RECORDED DATA >>
╭──
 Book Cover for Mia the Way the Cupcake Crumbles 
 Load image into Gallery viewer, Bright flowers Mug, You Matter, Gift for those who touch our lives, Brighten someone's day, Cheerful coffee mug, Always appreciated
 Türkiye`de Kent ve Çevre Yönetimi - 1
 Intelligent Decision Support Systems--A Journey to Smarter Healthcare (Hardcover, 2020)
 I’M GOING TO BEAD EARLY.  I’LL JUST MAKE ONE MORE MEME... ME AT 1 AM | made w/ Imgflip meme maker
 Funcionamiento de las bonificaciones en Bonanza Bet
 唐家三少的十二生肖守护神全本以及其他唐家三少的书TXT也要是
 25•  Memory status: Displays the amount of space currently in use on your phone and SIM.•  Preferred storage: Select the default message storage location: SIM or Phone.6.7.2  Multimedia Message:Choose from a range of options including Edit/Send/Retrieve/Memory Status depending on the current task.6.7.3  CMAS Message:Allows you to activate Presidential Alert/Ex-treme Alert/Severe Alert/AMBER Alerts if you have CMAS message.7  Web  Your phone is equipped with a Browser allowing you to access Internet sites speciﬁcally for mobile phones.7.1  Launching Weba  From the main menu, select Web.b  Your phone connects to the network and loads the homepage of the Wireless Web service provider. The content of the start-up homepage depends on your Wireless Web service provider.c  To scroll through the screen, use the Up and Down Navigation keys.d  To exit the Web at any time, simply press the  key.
╰──
╭──
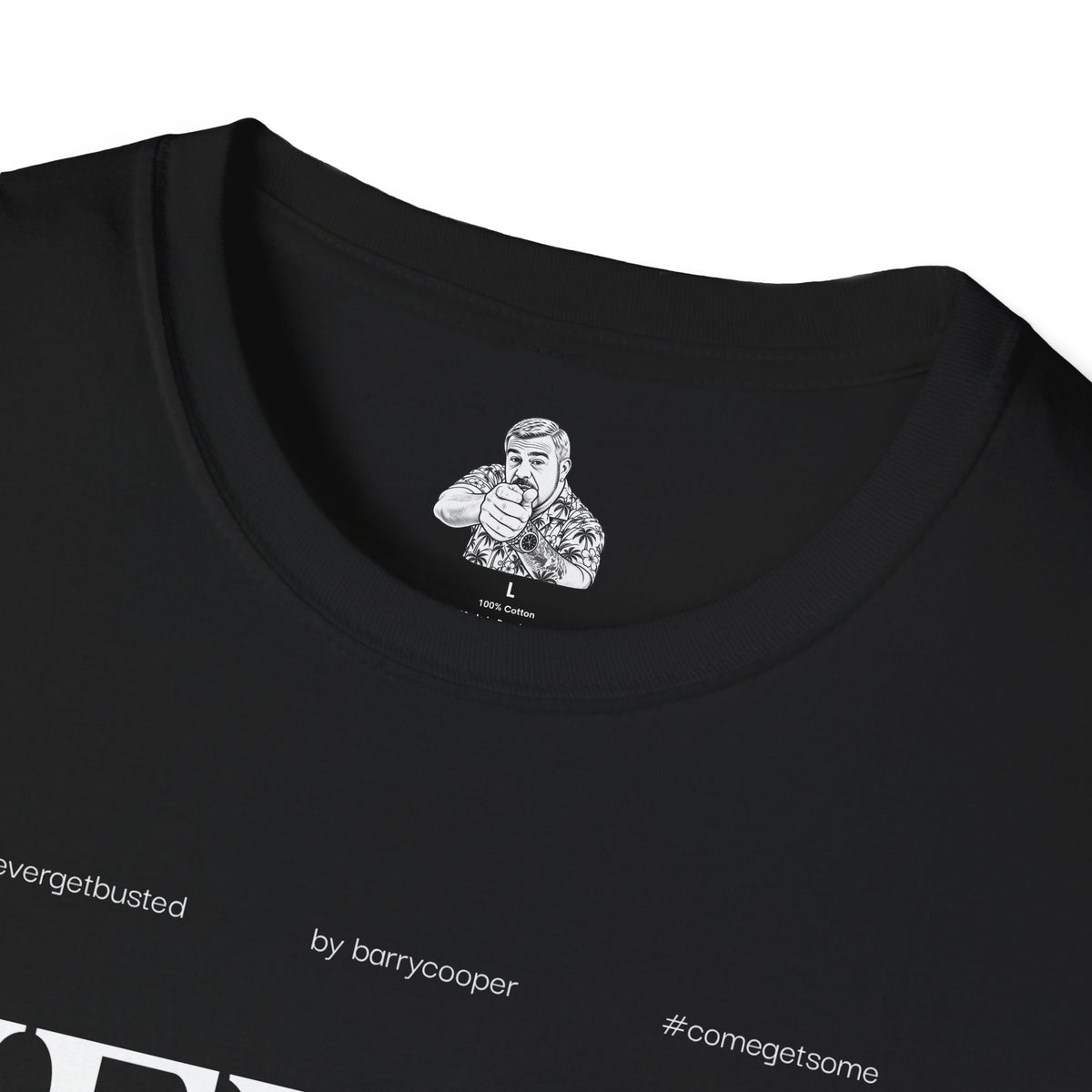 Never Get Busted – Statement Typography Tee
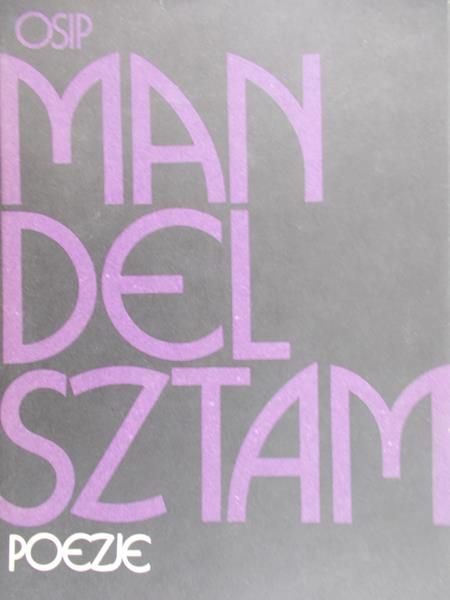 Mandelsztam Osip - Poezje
╰──
╭──
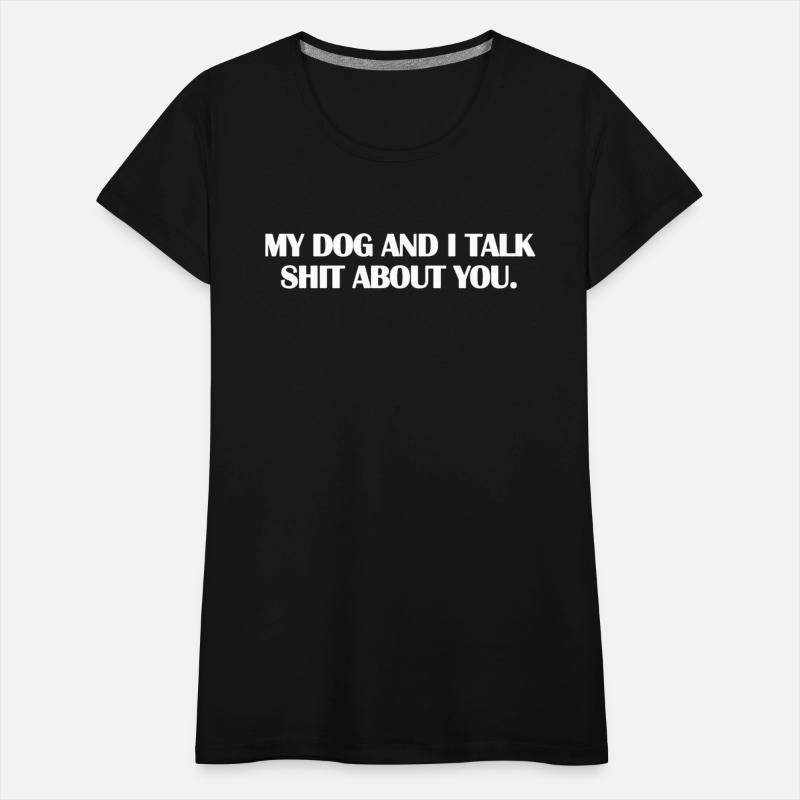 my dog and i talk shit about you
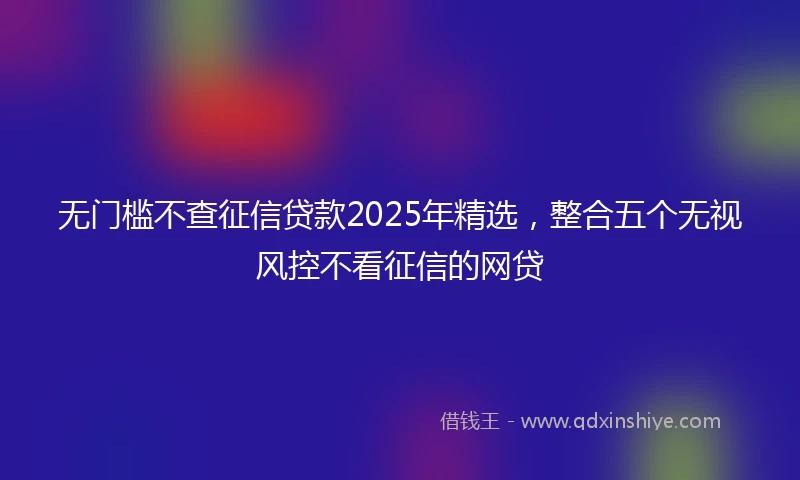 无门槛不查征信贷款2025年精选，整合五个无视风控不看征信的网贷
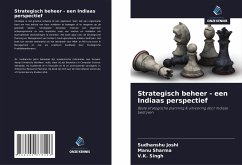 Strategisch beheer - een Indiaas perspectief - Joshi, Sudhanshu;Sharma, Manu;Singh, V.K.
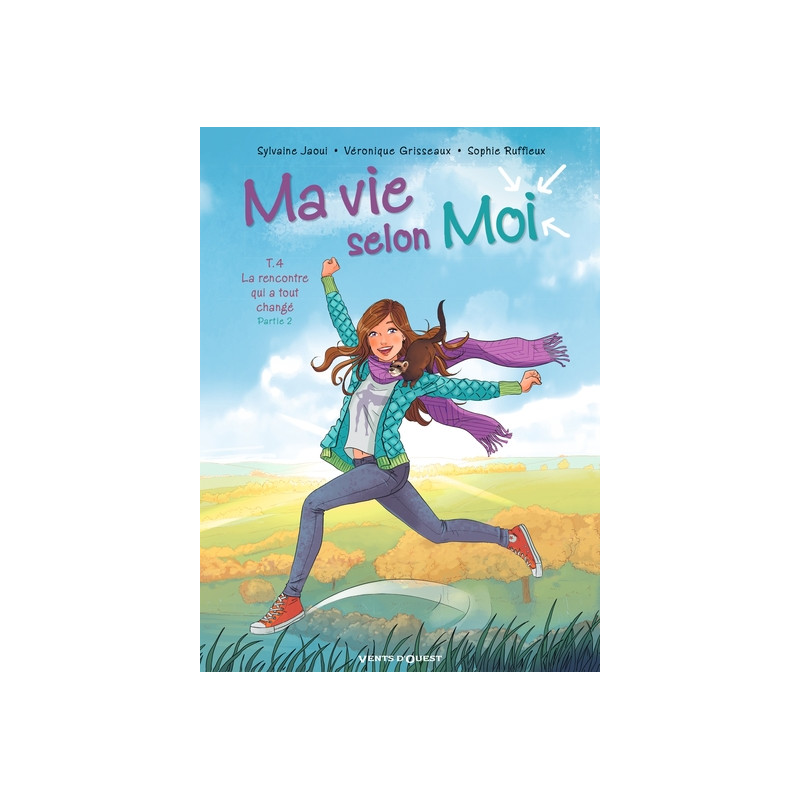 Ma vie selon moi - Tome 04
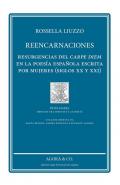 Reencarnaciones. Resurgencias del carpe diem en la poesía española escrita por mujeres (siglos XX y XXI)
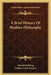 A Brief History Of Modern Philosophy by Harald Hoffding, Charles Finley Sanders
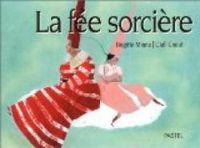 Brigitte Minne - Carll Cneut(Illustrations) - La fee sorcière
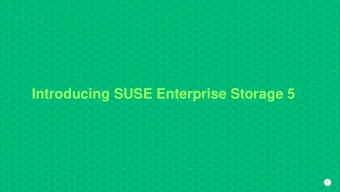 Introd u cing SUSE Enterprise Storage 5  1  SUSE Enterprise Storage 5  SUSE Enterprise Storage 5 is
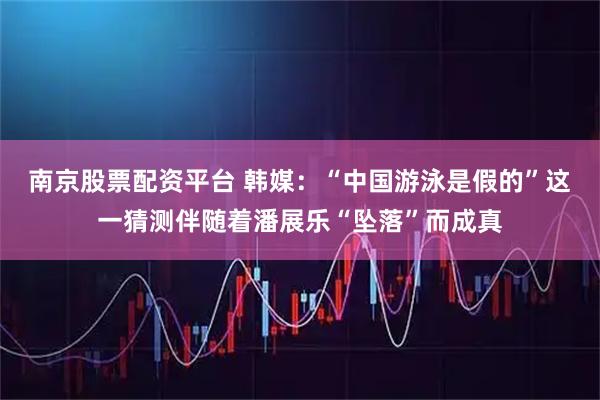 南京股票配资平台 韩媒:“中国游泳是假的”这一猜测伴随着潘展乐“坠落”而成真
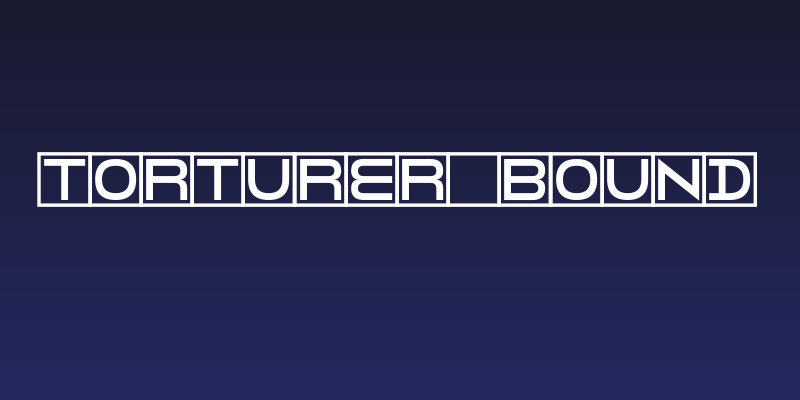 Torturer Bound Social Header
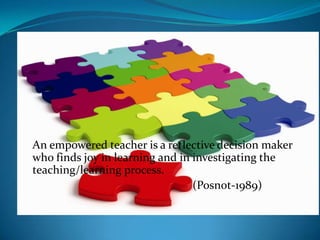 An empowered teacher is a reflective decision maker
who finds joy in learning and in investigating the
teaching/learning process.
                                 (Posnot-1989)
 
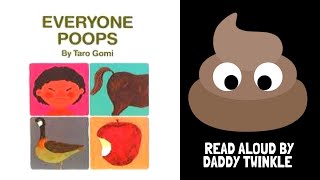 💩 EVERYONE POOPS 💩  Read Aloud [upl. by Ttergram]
╰──
Once you find the line with "Load image into" in the entries above, output it and each line after it up to and including the line with "Memory status: Displays", and nothing else.

OUTPUT OF THE TASK >>
 Load image into Gallery viewer, Bright flowers Mug, You Matter, Gift for those who touch our lives, Brighten someone's day, Cheerful coffee mug, Always appreciated
 Türkiye`de Kent ve Çevre Yönetimi - 1
 Intelligent Decision Support Systems--A Journey to Smarter Healthcare (Hardcover, 2020)
 I’M GOING TO BEAD EARLY.  I’LL JUST MAKE ONE MORE MEME... ME AT 1 AM | made w/ Imgflip meme maker
 Funcionamiento de las bonificaciones en Bonanza Bet
 唐家三少的十二生肖守护神全本以及其他唐家三少的书TXT也要是
 25•  Memory status: Displays the amount of space currently in use on your phone and SIM.•  Preferred storage: Select the default message storage location: SIM or Phone.6.7.2  Multimedia Message:Choose from a range of options including Edit/Send/Retrieve/Memory Status depending on the current task.6.7.3  CMAS Message:Allows you to activate Presidential Alert/Ex-treme Alert/Severe Alert/AMBER Alerts if you have CMAS message.7  Web  Your phone is equipped with a Browser allowing you to access Internet sites speciﬁcally for mobile phones.7.1  Launching Weba  From the main menu, select Web.b  Your phone connects to the network and loads the homepage of the Wireless Web service provider. The content of the start-up homepage depends on your Wireless Web service provider.c  To scroll through the screen, use the Up and Down Navigation keys.d  To exit the Web at any time, simply press the  key.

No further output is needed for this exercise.